Dalam kaitannya dengan karakteristik masyarakat pesisir, Satria (2002) menyatakan bahwa secara sosiologis, karakteristik masyarakat pesisir berbeda dengan masyarakat agraris seiring dengan perbedaan karakteristik sumberdaya yang dihadapi. Masyarakat pesisir menghadapi sumberdaya yang hingga saat ini masih bersifat open access. Karakteristik sumberdaya seperti ini menyebabkan mereka (nelayan) harus berpindah-pindah untuk memperoleh hasil yang maksimal. Kondisi demilikian menyebabkan elemen risikonya menjadi sangat tinggi.
Risiko yang sangat tinggi yang dihadapi masyarakat pesisir menempatkan mereka pada posisi sosial yang menarik untuk dicermati baik secara kultural maupun struktural, karena dikebanyakan wilayah masyarakat pesisir memiliki status yang relatif rendah. Rendahnya posisi sosial masyarakat pesisir, disebabkan karena keterasingan dan keterisolasian. Kedua faktor ini mengakibatkan masyarakat pesisir tidak mengetahui lebih jauh pengetahuan dan teknologi baru yang telah dikembangkan. Interaksi dengan masyarakat lain juga menjadi sangat lemah.
Di sisi lain, pengembangan kawasan pesisir sebagai sentra industri, pemukiman, perhubungan, pariwisata, dan perikanan dan pengembangan lain menjadikan pesisir sebagai kawasan yang paling rentan secara ekologis dan rawan terhadap berbagai konflik pemanfaatan ruang. Tingginya kegiatan pembangunan ekonomi kota yang menjangkau kawasan pesisir ini seharusnya membawa dampak positif terhadap tingkat kesejahteraan masyarakatnya, namun perkembangan ini sering belum dirasakan merata oleh seluruh masyarakat, khususnya masyarakat desa pesisir. Hal ini antara lain disebabkan belum optimalnya kebijakan-kebijakan yang mengatur tentang arahan pengembangan desa-desa pesisir. Dengan demikian perlu dilakukan upaya-upaya untuk mengatasi keadaan di atas, paling tidak kebijakan yang mengarahkan desa-desa pesisir sebagai salah satu basis pembangunan wilayah. Konsekuensinya eksistensi infrastruktur (social and economic overhead capital) sebagai basis pelayanan wilayah secara internal maupun eksternal dapat mendorong dinamika perkembangan desa-desa pesisir.

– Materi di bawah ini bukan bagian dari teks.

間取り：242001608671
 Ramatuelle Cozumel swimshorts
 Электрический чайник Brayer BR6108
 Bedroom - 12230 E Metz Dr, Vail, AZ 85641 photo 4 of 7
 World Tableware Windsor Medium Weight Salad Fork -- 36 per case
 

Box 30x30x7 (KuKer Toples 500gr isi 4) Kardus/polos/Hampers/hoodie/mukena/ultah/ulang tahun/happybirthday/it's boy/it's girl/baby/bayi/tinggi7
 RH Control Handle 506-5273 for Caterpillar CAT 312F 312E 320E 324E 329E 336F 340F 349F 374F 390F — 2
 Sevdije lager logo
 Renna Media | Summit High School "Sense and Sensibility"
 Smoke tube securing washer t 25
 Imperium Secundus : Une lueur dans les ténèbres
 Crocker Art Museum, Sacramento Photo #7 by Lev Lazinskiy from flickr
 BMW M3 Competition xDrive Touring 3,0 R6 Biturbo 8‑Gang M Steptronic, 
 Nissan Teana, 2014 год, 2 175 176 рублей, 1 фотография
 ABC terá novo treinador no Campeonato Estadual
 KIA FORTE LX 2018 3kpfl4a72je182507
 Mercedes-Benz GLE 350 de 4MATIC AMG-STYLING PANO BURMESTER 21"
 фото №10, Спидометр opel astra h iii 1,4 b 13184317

Pentingnya eksistensi infrastruktur untuk kepentingan pelayanan pembangunan di wilayah pesisir merupakan bagian penting dalam penentuan tipologi desa-desa pesisir secara spasial. Hal inilah yang mendasari kajian tentang pendekatan tipologi wilayah dalam pengembangan desa-desa pesisir di Provinsi Maluku. Pada bagian pertama kajian ini akan diberikan gambaran pesisir sebagai kawasan strategis secara kewilayahan, bagian kedua tipologi desa-desa pesisir, dan bagian ketiga strategi pengembangan desa-desa pesisir berdasarkan karakteristik tipologinya.


PEMBAHASAN

Pesisir Sebagai Kawasan Strategis
Dalam konteks kewilayahan, kawasan pesisir yang memiliki posisi strategis di dalam struktur alokasi dan distribusi sumberdaya ekonomi disebut memiliki locational rent yang tinggi. Nilai ekonomi kawasan pesisir, selain ditentukan oleh rent lokasi (locational rent), juga mengandung tiga unsur economic rent lainnya, yakni: ricardian rent, environmental rent dan social rent. Ricardian rent adalah rent berdasarkan kekayaan dan kesesuaian sumberdaya yang dimiliki untuk berbagai penggunaan, seperti kesesuaiannya (suitability) untuk berbagai aktivitas budidaya (tambak), kesesuaian fisik untuk pengembangan pelabuhan, dan sebagainya. Environmental rent kawasan pesisir adalah nilai atau fungsi kawasan yang didasarkan atas fungsinya di dalam keseimbangan lingkungan, sedangkan social rent menyangkut manfaat kawasan untuk berbagai fungsi sosial. Di dalam mekanisme pasar, umumnya locational dan ricardian rent yang terinternalisasi dalam struktur nilai pasar, sehinggga berbagai fungsi lingkungan dan sosial kawasan pesisir banyak mengalami degradasi dan tidak mendapat penilaian semestinya.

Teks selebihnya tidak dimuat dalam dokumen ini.